• **TRY IT**:
Since the data must remain as supplied, reproduce it word for word.

• **INPUT**:
.....

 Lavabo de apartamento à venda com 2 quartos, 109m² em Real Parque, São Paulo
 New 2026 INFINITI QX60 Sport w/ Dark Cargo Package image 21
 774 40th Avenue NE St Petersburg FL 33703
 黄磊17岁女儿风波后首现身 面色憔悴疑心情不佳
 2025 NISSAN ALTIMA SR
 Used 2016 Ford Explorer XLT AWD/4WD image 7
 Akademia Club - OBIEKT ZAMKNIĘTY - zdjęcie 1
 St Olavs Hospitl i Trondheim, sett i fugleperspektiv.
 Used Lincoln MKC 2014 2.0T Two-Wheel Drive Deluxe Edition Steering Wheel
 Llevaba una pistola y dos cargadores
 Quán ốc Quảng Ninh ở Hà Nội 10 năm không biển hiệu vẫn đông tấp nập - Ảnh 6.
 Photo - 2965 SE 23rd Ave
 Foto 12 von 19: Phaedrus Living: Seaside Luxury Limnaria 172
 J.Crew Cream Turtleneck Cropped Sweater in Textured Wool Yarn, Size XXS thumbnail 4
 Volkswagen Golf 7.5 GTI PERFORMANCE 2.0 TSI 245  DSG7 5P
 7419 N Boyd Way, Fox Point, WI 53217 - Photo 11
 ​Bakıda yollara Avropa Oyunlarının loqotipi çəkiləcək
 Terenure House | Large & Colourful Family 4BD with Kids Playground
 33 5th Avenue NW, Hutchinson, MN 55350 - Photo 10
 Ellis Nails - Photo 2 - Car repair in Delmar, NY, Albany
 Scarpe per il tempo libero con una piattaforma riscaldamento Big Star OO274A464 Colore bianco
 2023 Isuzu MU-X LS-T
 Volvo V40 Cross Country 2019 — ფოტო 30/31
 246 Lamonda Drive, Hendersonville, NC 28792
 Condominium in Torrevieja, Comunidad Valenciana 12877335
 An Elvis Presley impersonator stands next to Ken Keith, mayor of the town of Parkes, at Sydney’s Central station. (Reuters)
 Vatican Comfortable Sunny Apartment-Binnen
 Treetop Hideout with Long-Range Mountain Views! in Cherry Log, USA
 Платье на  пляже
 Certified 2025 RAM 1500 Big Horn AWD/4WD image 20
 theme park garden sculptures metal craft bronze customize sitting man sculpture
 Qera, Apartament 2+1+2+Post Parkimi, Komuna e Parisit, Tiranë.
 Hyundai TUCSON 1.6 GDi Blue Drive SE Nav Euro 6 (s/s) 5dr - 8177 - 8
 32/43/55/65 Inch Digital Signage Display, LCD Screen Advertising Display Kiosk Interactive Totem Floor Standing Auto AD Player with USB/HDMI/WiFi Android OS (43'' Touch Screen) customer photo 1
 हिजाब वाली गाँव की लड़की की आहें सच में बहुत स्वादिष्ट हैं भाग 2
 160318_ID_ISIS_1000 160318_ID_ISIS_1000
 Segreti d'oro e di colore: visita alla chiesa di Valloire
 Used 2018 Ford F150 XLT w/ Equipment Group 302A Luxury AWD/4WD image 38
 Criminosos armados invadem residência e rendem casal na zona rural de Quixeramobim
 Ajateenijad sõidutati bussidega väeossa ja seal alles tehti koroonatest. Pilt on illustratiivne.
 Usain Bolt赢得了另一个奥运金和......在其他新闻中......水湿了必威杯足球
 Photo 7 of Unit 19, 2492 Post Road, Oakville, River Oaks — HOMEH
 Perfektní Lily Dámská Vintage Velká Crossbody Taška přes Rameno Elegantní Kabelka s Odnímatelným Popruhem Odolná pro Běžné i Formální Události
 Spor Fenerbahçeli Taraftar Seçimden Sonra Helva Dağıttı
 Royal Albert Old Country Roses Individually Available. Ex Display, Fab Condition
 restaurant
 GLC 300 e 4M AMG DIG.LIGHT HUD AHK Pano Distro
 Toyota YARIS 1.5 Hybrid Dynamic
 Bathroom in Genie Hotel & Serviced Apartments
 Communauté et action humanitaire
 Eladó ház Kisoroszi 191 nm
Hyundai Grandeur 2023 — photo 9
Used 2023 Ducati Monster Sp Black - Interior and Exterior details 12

.....

• **REPLY TO THE EXERCISE**:
 Lavabo de apartamento à venda com 2 quartos, 109m² em Real Parque, São Paulo
 New 2026 INFINITI QX60 Sport w/ Dark Cargo Package image 21
 774 40th Avenue NE St Petersburg FL 33703
 黄磊17岁女儿风波后首现身 面色憔悴疑心情不佳
 2025 NISSAN ALTIMA SR
 Used 2016 Ford Explorer XLT AWD/4WD image 7
 Akademia Club - OBIEKT ZAMKNIĘTY - zdjęcie 1
 St Olavs Hospitl i Trondheim, sett i fugleperspektiv.
 Used Lincoln MKC 2014 2.0T Two-Wheel Drive Deluxe Edition Steering Wheel
 Llevaba una pistola y dos cargadores
 Quán ốc Quảng Ninh ở Hà Nội 10 năm không biển hiệu vẫn đông tấp nập - Ảnh 6.
 Photo - 2965 SE 23rd Ave
 Foto 12 von 19: Phaedrus Living: Seaside Luxury Limnaria 172
 J.Crew Cream Turtleneck Cropped Sweater in Textured Wool Yarn, Size XXS thumbnail 4
 Volkswagen Golf 7.5 GTI PERFORMANCE 2.0 TSI 245  DSG7 5P
 7419 N Boyd Way, Fox Point, WI 53217 - Photo 11
 ​Bakıda yollara Avropa Oyunlarının loqotipi çəkiləcək
 Terenure House | Large & Colourful Family 4BD with Kids Playground
 33 5th Avenue NW, Hutchinson, MN 55350 - Photo 10
 Ellis Nails - Photo 2 - Car repair in Delmar, NY, Albany
 Scarpe per il tempo libero con una piattaforma riscaldamento Big Star OO274A464 Colore bianco
 2023 Isuzu MU-X LS-T
 Volvo V40 Cross Country 2019 — ფოტო 30/31
 246 Lamonda Drive, Hendersonville, NC 28792
 Condominium in Torrevieja, Comunidad Valenciana 12877335
 An Elvis Presley impersonator stands next to Ken Keith, mayor of the town of Parkes, at Sydney’s Central station. (Reuters)
 Vatican Comfortable Sunny Apartment-Binnen
 Treetop Hideout with Long-Range Mountain Views! in Cherry Log, USA
 Платье на  пляже
 Certified 2025 RAM 1500 Big Horn AWD/4WD image 20
 theme park garden sculptures metal craft bronze customize sitting man sculpture
 Qera, Apartament 2+1+2+Post Parkimi, Komuna e Parisit, Tiranë.
 Hyundai TUCSON 1.6 GDi Blue Drive SE Nav Euro 6 (s/s) 5dr - 8177 - 8
 32/43/55/65 Inch Digital Signage Display, LCD Screen Advertising Display Kiosk Interactive Totem Floor Standing Auto AD Player with USB/HDMI/WiFi Android OS (43'' Touch Screen) customer photo 1
 हिजाब वाली गाँव की लड़की की आहें सच में बहुत स्वादिष्ट हैं भाग 2
 160318_ID_ISIS_1000 160318_ID_ISIS_1000
 Segreti d'oro e di colore: visita alla chiesa di Valloire
 Used 2018 Ford F150 XLT w/ Equipment Group 302A Luxury AWD/4WD image 38
 Criminosos armados invadem residência e rendem casal na zona rural de Quixeramobim
 Ajateenijad sõidutati bussidega väeossa ja seal alles tehti koroonatest. Pilt on illustratiivne.
 Usain Bolt赢得了另一个奥运金和......在其他新闻中......水湿了必威杯足球
 Photo 7 of Unit 19, 2492 Post Road, Oakville, River Oaks — HOMEH
 Perfektní Lily Dámská Vintage Velká Crossbody Taška přes Rameno Elegantní Kabelka s Odnímatelným Popruhem Odolná pro Běžné i Formální Události
 Spor Fenerbahçeli Taraftar Seçimden Sonra Helva Dağıttı
 Royal Albert Old Country Roses Individually Available. Ex Display, Fab Condition
 restaurant
 GLC 300 e 4M AMG DIG.LIGHT HUD AHK Pano Distro
 Toyota YARIS 1.5 Hybrid Dynamic
 Bathroom in Genie Hotel & Serviced Apartments
 Communauté et action humanitaire
 Eladó ház Kisoroszi 191 nm
Hyundai Grandeur 2023 — photo 9
Used 2023 Ducati Monster Sp Black - Interior and Exterior details 12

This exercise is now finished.